More information  

Phuket is so big, we’ve split it up into areas, select one of the below for detailed accommodation and food listings in that area. Sights and general overviews for Phuket as a whole can be found via the icons above. Don’t know where to start? Read an overview of Phuket’s different areas.

Thai Hua Museum

Our rating:


Phuket is a multicultural island with a large ethnic Chinese community. The Thai Hua Museum chronicles the journey of Chinese migrants to Phuket during the 1800s tin-mining era and their subsequent influence on the region’s culture and commerce.

Help us hold our breath. Donate to Travelfish today!
Click here for more information on how you can help.

Thai Hua is a 1930s schoolhouse turned museum.

Thai Hua is a 1930s schoolhouse turned museum.

Housed in a former Chinese school built in 1934, the museum’s exhibitions are a mix of old photographs, illustrations and descriptions in Thai and English. The original immigration papers of some of the island’s migrants are also on display.

Attractively laid out and informative, the museum also doesn’t shy away from some of the darker aspects of Phuket’s history including bits about the Angyee, or secret Chinese mafia groups who helped orchestrate workers’ rebellions in the late 1800s, and the opium trade, complete with a life-sized statue of a pipe-smoking addict.

Many compelling photos of Phuket life in the days of old are on display.

Many compelling photos of Phuket life in the days of old are on display.

There are a few puzzling omissions here, like a display about the school’s history, with a paragraph that reads, “With regards to political reasons in 1941, all Chinese Language Schools’ licenses were revoked and the building was neglected for 6 years.” No further elaboration on these “political reasons” is provided.

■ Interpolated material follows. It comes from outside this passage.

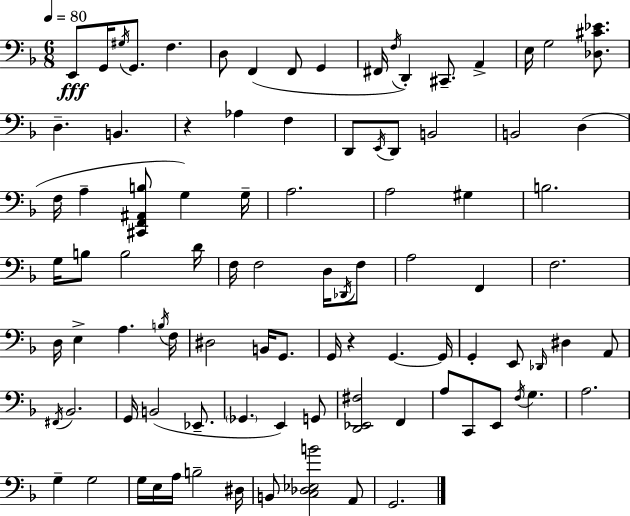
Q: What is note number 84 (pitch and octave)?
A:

This was, of course, during World War II when Phuket was occupied by the Japanese for a time, but there is no mention of this at Thai Hua Museum. Insight into this forced school closure and what went on in Phuket during wartime now seem lost to history.

Other rooms provide a good overview of the Chinese cultural influences, including one that features locally known artists of puppet theatre, calligraphy and sculpting. Another display is all about clothing, and how Phuket attire blended Thai and Chinese fashions, as well as the Baba (Straits Chinese) style seen across Southeast Asia. The infamous Phuket Vegetarian Festival is explained, as well as the Por Tor festival and various Phuket-Chinese beliefs and ceremonies including marriage and death rituals.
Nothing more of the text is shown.